Day 56
After spending 2 nights in the city we set off again up in to the mountains that sit to the south of the city and our first stop was to look at a tree which allegedly over 600 years old, it was certainly the biggest tree that I have ever seen.
Then we rode up to the top of the mountain and to a viewpoint where we could see the enormous size of the city far below us.
Once again Nate and Stefan headed to the dirt to see some old mine workings, however, I again looked at the trail and decided to pass, deciding to wait by my bike and look at the spectaular scenery.
Then a car stopped and the driver said something to me in a language that I recognised as Arabic. I don’t speak or understand the language so I spoke in English and he drove off. A short time later he returned and explained in broken English that he and his family were from Kuwait and they were lost. I pointed them in the direction of the main road and I was rewarded with a pack of Kuwaiti dates. Then I heard the sound of bells and a shepherd rounded the corner with his flock of goats and a couple of very big dogs. The dogs had on collars with huge metal spikes sticking out of them and at the time I wondered why and I was to find out later. A short time later Nate and Stefan returned and I learned that I had chosen wisely as the road to the mine was very, very, rocky and they both had a lot of difficulty trying to get there and back.

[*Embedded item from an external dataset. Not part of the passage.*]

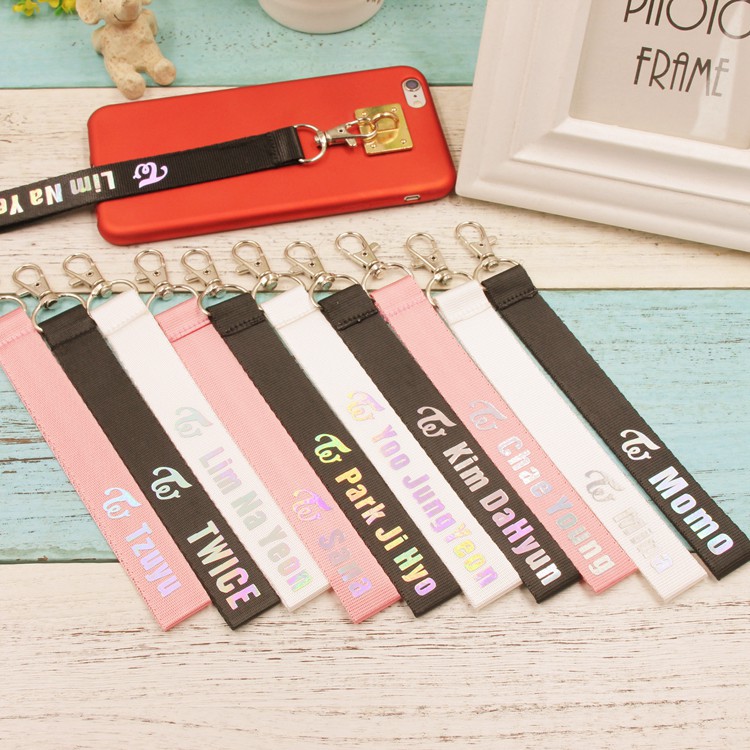 (Sỉ 20k) (5 nhóm) nametag twice strap twice dây đeo điện thoại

That afternoon we again took to the dirt to find a campsite. The trails were steep and slippery, I dropped the bike three times, on each occasion loosing the front wheel when going uphill by sliding off of the top of a rut in to it. Not one of my better days however with Nate and Stephan’s help I got going again and once we were stopped for the evening and the camp fire was lit, I started to feel a little better about my off road misadventures. In reality the Himalayan did well on such surfaces. Nate’s X-Challege was modified for this type of off road work and had no problems in this terrain but even he turned back at one point as it was too rough. Stefan’s GS1200 and my Himalayan also made the turnaround point on the decline but it was on the way up where I had the issues. However, as I said, a campfire, a coffee, a cigar, and the company of fellow bikers goes a long way to making a bad day much better.
Day 57
The next day I again set off with Nate and Stefan to explore the back roads and trails of this part of Turkey. Some of the trails were good and presented me with little difficulty, however, some of them were not and these tested my off road skills but at least I had recovered enough of them from my youth so that I stopped falling over. On one particular trail, there were a number of steep uphill and downhill sections that were covered in deep, thick, wet clay. This stuff instantly filled the tread on the tyres and the bike began to slither and slide. Nate passed on a neat trick for negotiating the steep downhill sections. Switch off the engine, put the bike in first gear and allow the bike to descend, using the engine braking to keep the bike from going too fast. Where the section got a bit steeper applying the back brake helped keep the speed down to a point where the front wheel was still controllable. This worked a treat and the descents were much easier using this method. Uphill sections were a different problem but I just kept it in first gear and using small throttle movements to avoid spinning the rear wheel, the Himalayan just tractored up, somehow finding enough grip in the heavy sludge.
All over this part of Turkey there are ancient cave dwellings to be found. We explored some of these and what surprised me was not only that they still existed, but the frequency with which we saw them.
We found a nice spot in the forrest and then pitched up for the night.
Day 58
The following day Nate and Stefan wanted to explore a large underground cave so we set of to find it, but as that is not something that interests me so when we arrived, I remained with the bikes whilst they went on foot to the cave. The cave is just outside a very small village, so while they guy were off potholing I was trying to communicate with the old men sitting in a cafe. They plied me with tea and I plied them with some dark chocolate that I had with me, and between that and a bit of sign language we got on well and when the guys returned we set of again in search of another campsite. We found a nice spot in the forest and then pitched up for the night. However, about 3 o’clock in the morning all of us awoke to sounds in our campsite, it was 3 wolves. They had just come to see what the strange smells were but obviously when we started moving about they started to withdraw, and to make sure that they stayed away Nate started up his bike and began honking the horn. As I was lying in my tent trying to get back to sleep I suddenly realised why the shepherd’s dogs had spiked collars, to stop the wolves from killing them.